YOUR GOAL >>
Drop every picture and copy exactly the lines from the one with "These diagrams allow" through the last line of the listing below.

DATA SHOWN >>

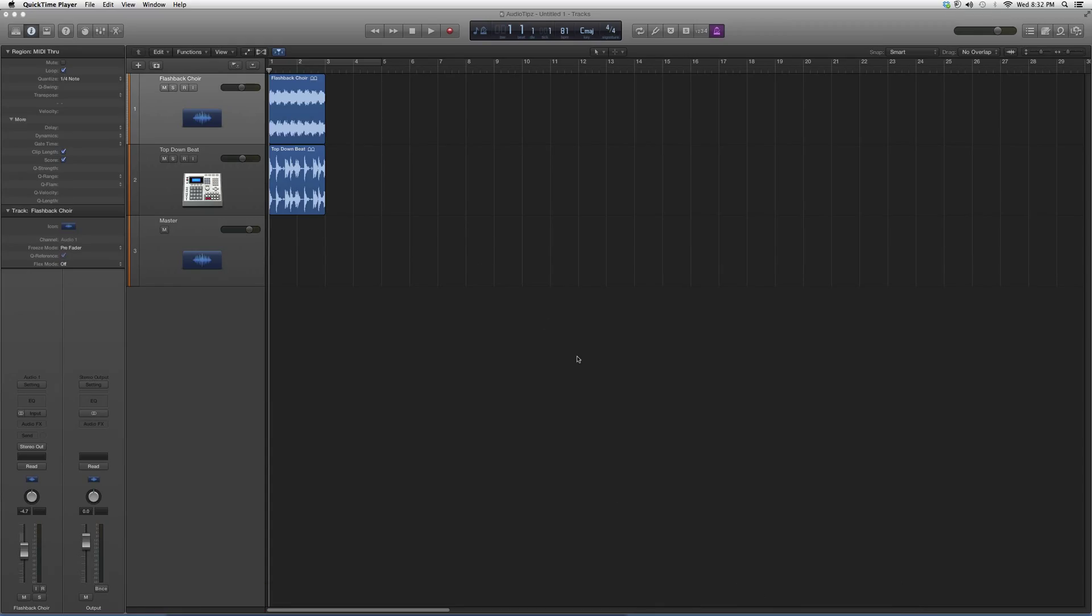In today's tutorial, I'm going to take you into the Logic Pro software, into the Audio Effects folder inside Logic, and show you a couple plugins.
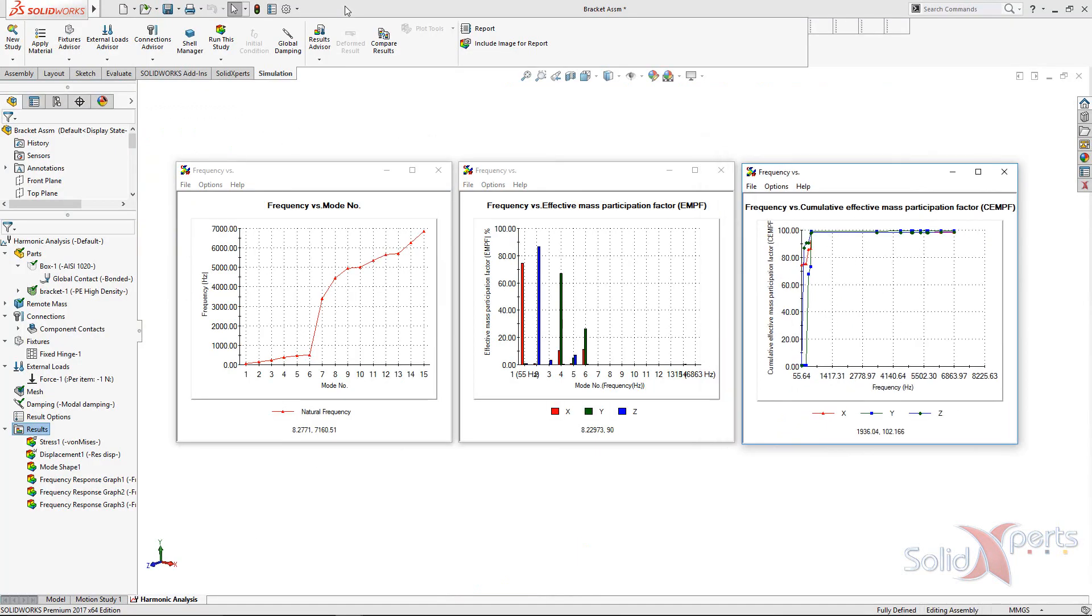These diagrams allow us to verify if the number of modes that we consider in a model analysis are sufficient to capture the dynamic response of a system.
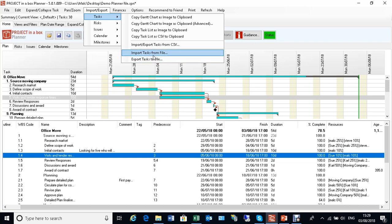That uses the MS Project exchange format so that you can bring things into Microsoft Project and take things out and put them into Microsoft Project.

SOLUTION >>
These diagrams allow us to verify if the number of modes that we consider in a model analysis are sufficient to capture the dynamic response of a system.
That uses the MS Project exchange format so that you can bring things into Microsoft Project and take things out and put them into Microsoft Project.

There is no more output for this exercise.